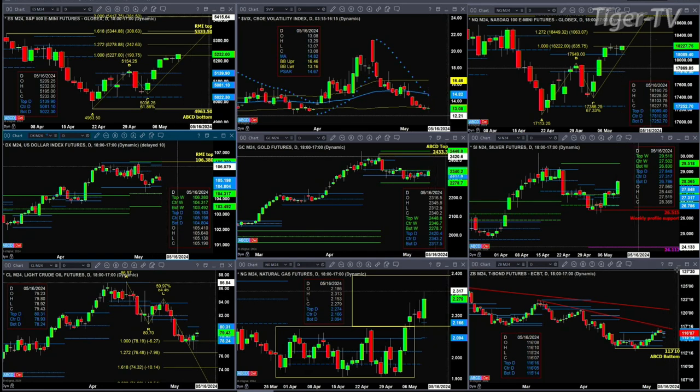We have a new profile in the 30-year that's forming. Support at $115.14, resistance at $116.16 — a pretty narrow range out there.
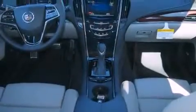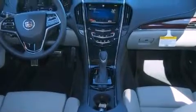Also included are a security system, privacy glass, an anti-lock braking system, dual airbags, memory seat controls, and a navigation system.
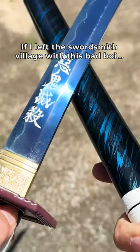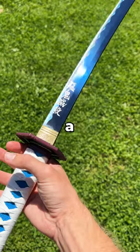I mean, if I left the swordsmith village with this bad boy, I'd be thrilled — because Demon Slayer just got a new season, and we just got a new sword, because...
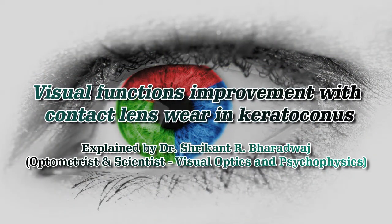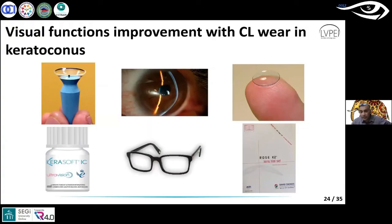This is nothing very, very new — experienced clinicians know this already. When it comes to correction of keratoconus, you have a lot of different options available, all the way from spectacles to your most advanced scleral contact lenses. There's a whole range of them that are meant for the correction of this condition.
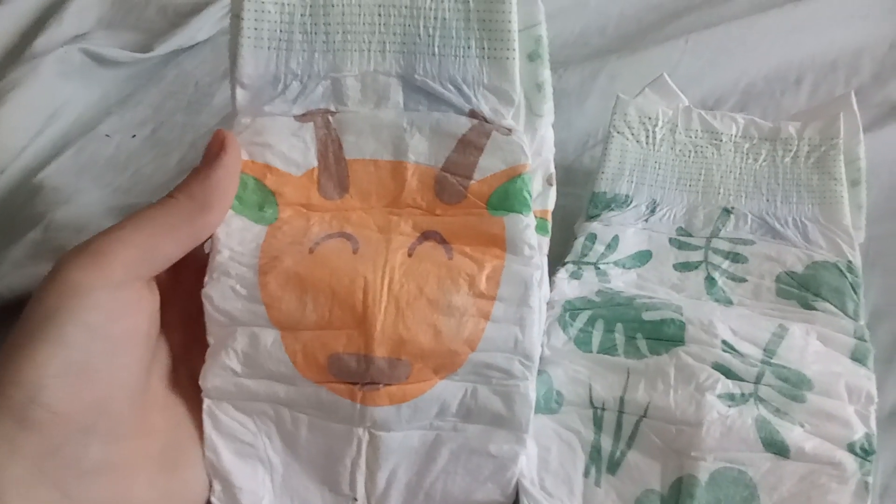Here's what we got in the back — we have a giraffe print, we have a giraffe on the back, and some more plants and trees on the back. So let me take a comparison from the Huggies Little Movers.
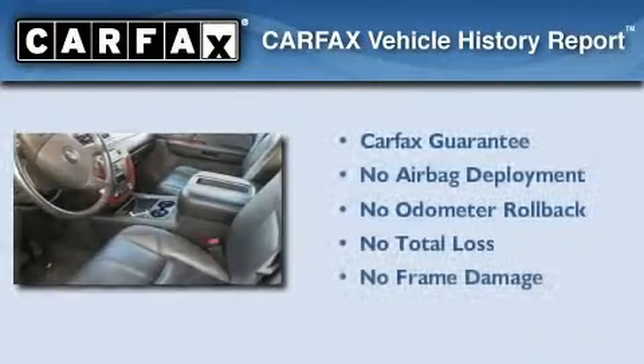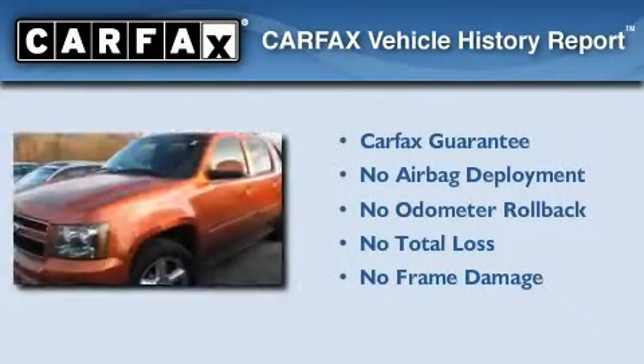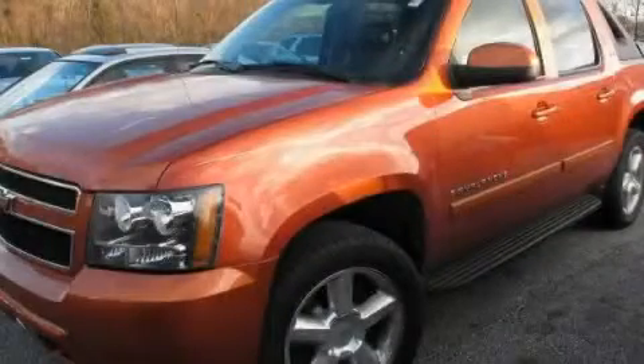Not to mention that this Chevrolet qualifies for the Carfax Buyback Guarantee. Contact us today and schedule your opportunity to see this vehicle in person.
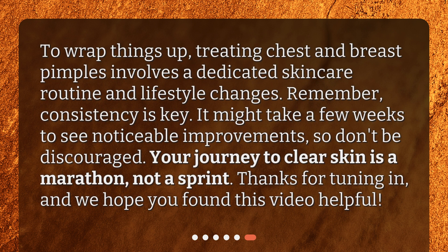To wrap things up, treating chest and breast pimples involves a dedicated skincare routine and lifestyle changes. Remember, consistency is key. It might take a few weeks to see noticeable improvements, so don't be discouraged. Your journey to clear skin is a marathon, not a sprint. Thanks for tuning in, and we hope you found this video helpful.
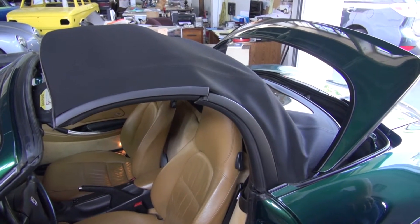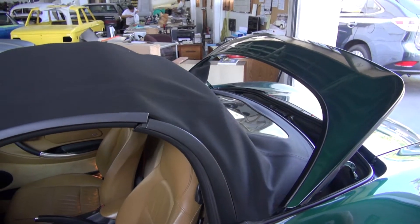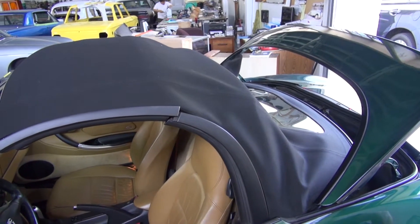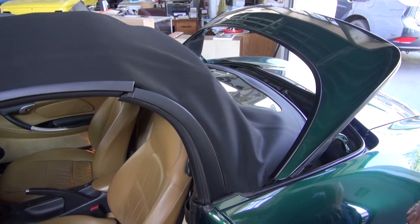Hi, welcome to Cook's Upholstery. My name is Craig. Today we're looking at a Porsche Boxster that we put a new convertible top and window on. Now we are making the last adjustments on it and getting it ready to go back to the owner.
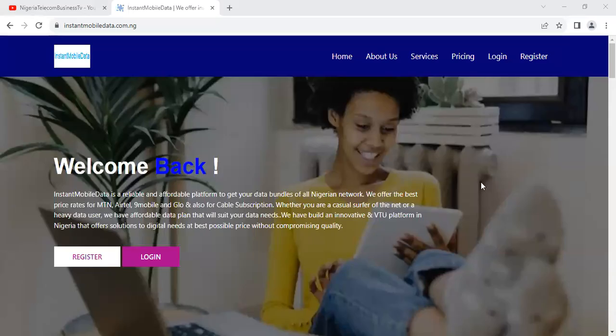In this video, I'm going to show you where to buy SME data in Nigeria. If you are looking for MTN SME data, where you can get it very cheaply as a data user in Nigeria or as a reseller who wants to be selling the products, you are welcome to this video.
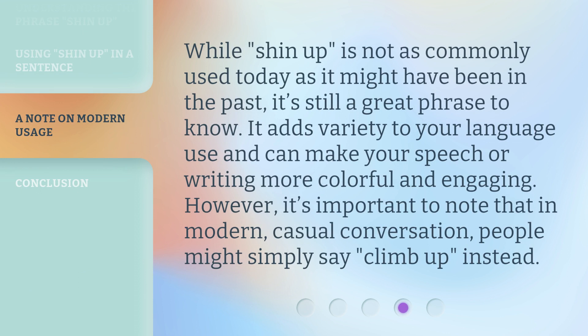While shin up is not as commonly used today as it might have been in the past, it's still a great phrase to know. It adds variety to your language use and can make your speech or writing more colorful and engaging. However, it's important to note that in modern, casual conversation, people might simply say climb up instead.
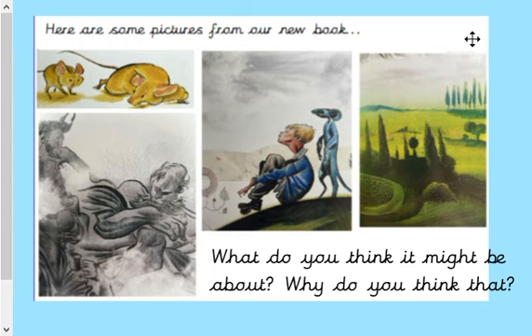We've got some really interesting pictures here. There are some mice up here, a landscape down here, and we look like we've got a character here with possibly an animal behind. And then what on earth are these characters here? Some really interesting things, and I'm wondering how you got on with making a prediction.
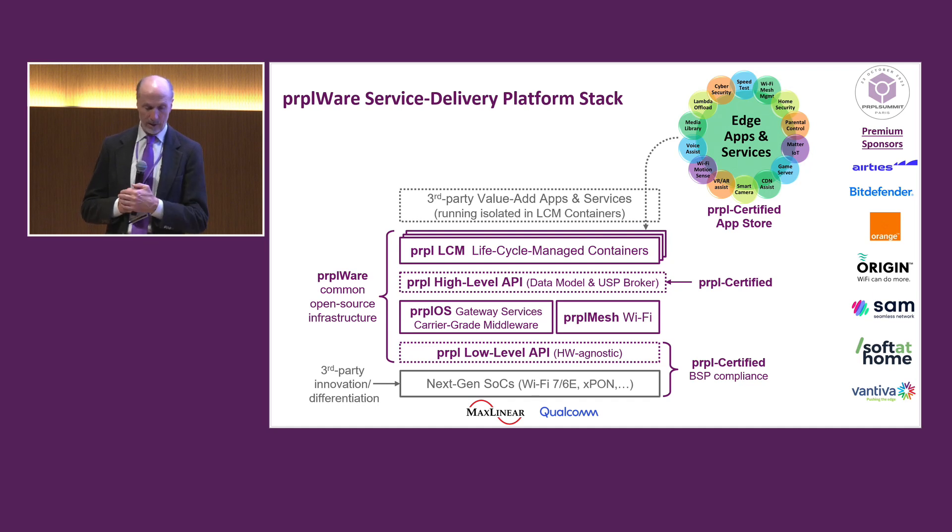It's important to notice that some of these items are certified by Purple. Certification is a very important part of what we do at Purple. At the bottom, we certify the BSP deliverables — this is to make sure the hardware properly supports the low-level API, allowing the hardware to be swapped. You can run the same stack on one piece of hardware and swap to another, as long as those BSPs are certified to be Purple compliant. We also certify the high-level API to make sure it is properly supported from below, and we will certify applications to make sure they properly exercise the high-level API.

____

* Goal of the exercise:
Nothing except the lines from the one containing "Here's what we" through the one containing "Not to mention" should appear in the answer, exactly as above and without pictures.

* Exercise solution:
Here's what we got in the back — we have a giraffe print, we have a giraffe on the back, and some more plants and trees on the back. So let me take a comparison from the Huggies Little Movers.
Not to mention that this Chevrolet qualifies for the Carfax Buyback Guarantee. Contact us today and schedule your opportunity to see this vehicle in person.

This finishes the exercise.